Ribadisco che chiudere bar, ristoranti e pizzerie non è la soluzione, altrimenti avrebbe già funzionato, è un anno che con questo sistema non sta funzionando. Il virus viaggia in altri canali come nelle metropolitane, nelle scuole e nei centri commerciali, che anche se stanno chiusi, però stanno aperti i reparti alimentari e ad esempio stamattina al Conad di Cava dei Tirreni c’erano circa 1500 persone.

Stanno distruggendo un tessuto economico che secondo il mio modesto avviso avrà bisogno di 3-4 anni per riprendersi.
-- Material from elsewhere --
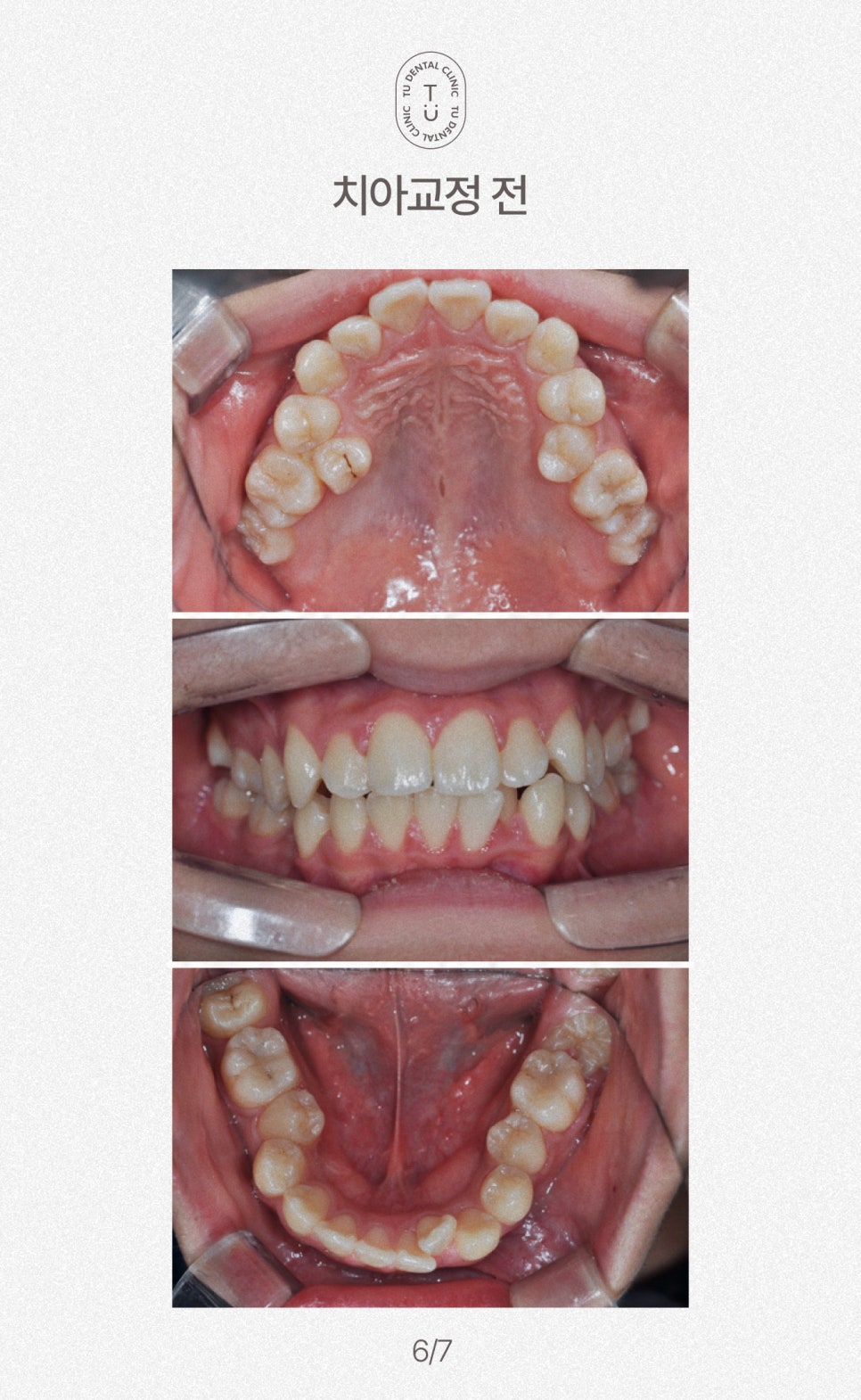 철도의 날, 삐뚤빼뚤한 치아에 철도공사하세요! 티유치과[TU치과] 관련 이미지 7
La soluzione sarebbe aprire tutto ma rispettando le regole con il distanziamento, con la la mascherina al tavolo fino a che non si deve pranzare, con la prenotazione per riservare un tavolo e così via. Ci vorrà un forte ristoro che però dovrà essere in percentuale sul fatturato dell’anno precedente e, soprattutto, come si vocifera un anno bianco, in cui non si devono pagare né contributi né tasse.